According to observations on Unit I on 10/11/12 at 11:03 AM, Room 6 was located immediately next to Room 4 with approximately four and one half feet distance between the entry doors. An approximately 66 foot long hallway separated the rooms from the glass windowed nurses' station.

Hospital Personnel #7 stated on 10/11/12 at 1:45 PM that he was aware that Patient #5 "should have been on 1 to 1 [observational status]."

Hospital Policy #1200.201 dated 07/20/12 noted that the fifteen minute observation level was the "minimum level of observation for all patients."
VIOLATION: RN SUPERVISION OF NURSING CARE Tag No: A0395
**NOTE- TERMS IN BRACKETS HAVE BEEN EDITED TO PROTECT CONFIDENTIALITY**

Based on observation, interviews and record reviews, the hospital's registered nursing staff failed to supervise and evaluate the nursing care for three out of three patients (Patient #2, Patient #3, and Patient #5) on the hospital's Unit 1 on 08/01/12 when Patient #5 went into the female patients' room, exposed himself, and asked for sexual favors. This failure could have effected seven other female patients residing on Unit 1 on the night of 08/01/12.

Findings included:

Patient #5's Coding Summary Form noted an admission date of [DATE] and a discharge date of [DATE]. Admitting diagnoses included Schizoaffective Disorder, Homicidal Ideation, and History of Physical Abuse.

Physician admission orders dated 07/27/12 at 9:45 PM reflected sexually acting out precautions for Patient #5 as a "perpetrator." The level of observation was not specified.

The Psychiatric Evaluation dated and signed by Hospital Personnel #12 on 07/28/12 reflected Patient #5 had been discharged from a different psychiatric treatment facility the previous day where he "did apparently rub his body against a female staff ...which apparently hasten[ed] his discharge."

Nursing progress notes dated 08/01/12 at 6:55 PM reflected Patient # 5 made "hypersexual comments" and had "poor impulse and coping skills." According to nursing documentation dated 08/01/12 at 11:30 PM Patient #5 became "extremely agitated and sexually acting out, walking naked out on the hallway. "Nursing staff documented to "continue to monitor [Patient #5] q 15 minutes (every 15 minutes) for safety and comfort." Ten minutes later, on 08/01/12 at 11:40 PM, Patient #5 "was found" without clothes in another patient room.

Patient #5 remained on fifteen minute checks for another fourteen hours and 25 minutes until a physician order was written to place Patient #5 on a one-to-one staff observation level on 08/02/12 at 2:05 PM. Hospital Personnel #4 stated during an interview on 10/11/12 at 4:15 PM that "they (the nurses) should have called earlier."

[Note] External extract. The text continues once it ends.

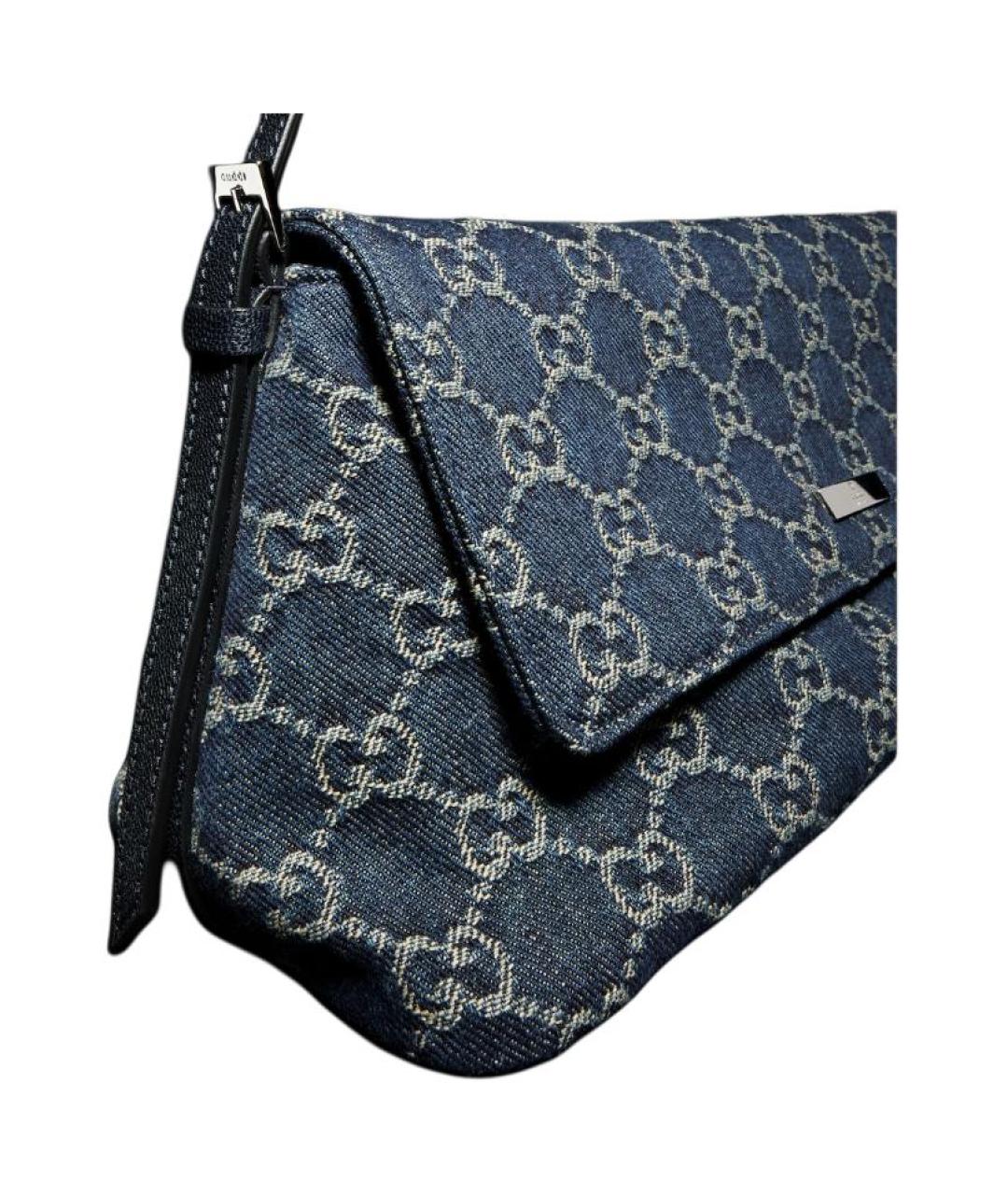 GUCCI Синяя сумка через плечо, фото 5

According to the case management notes dated 08/02/12, Hospital Personnel #13 noted that Patient #2 was "upset and worried about her safety ..."

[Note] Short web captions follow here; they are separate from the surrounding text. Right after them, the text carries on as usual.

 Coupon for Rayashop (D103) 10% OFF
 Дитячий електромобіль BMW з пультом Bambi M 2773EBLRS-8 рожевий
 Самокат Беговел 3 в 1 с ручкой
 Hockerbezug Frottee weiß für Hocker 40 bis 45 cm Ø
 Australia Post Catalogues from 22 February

Record review of the hospital's Unit I census report dated 08/01/12 reflected a male patient (Patient #5) resided in Room 6 while two female patients (Patient #2 and Patient #3) occupied Room 4. Seven other female patients resided on Unit 1 that night.

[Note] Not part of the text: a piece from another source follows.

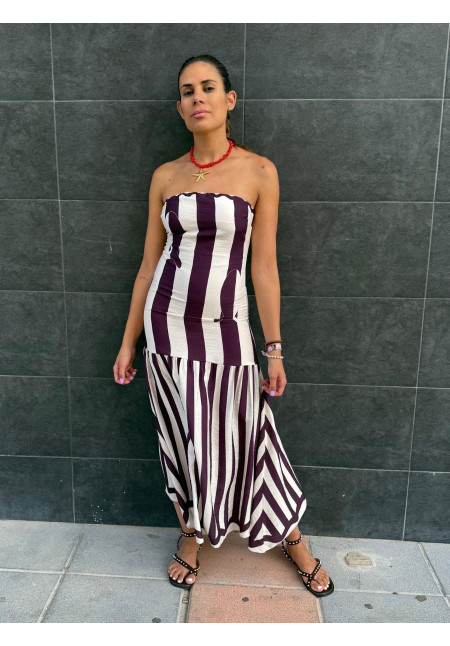 VESTIDO RAYA PEZ 01231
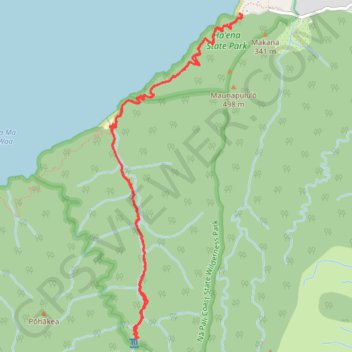 Hanakapi'ai Falls (Kauai Island) GPS track, route, trail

According to observations on Unit I on 10/11/12 at 11:03 AM, Room 6 was located immediately next to Room 4 with approximately four and one half feet distance between the entry doors. An approximately 66 foot long hallway separated the rooms from the glass windowed nurses' station.

Hospital Personnel #7 stated on 10/11/12 at 1:45 PM that he was aware that Patient #5 "should have been on 1 to 1 [observational status]."

Hospital Policy #1200.201 dated 07/20/12 noted that the fifteen minute observation level was the "minimum level of observation for all patients."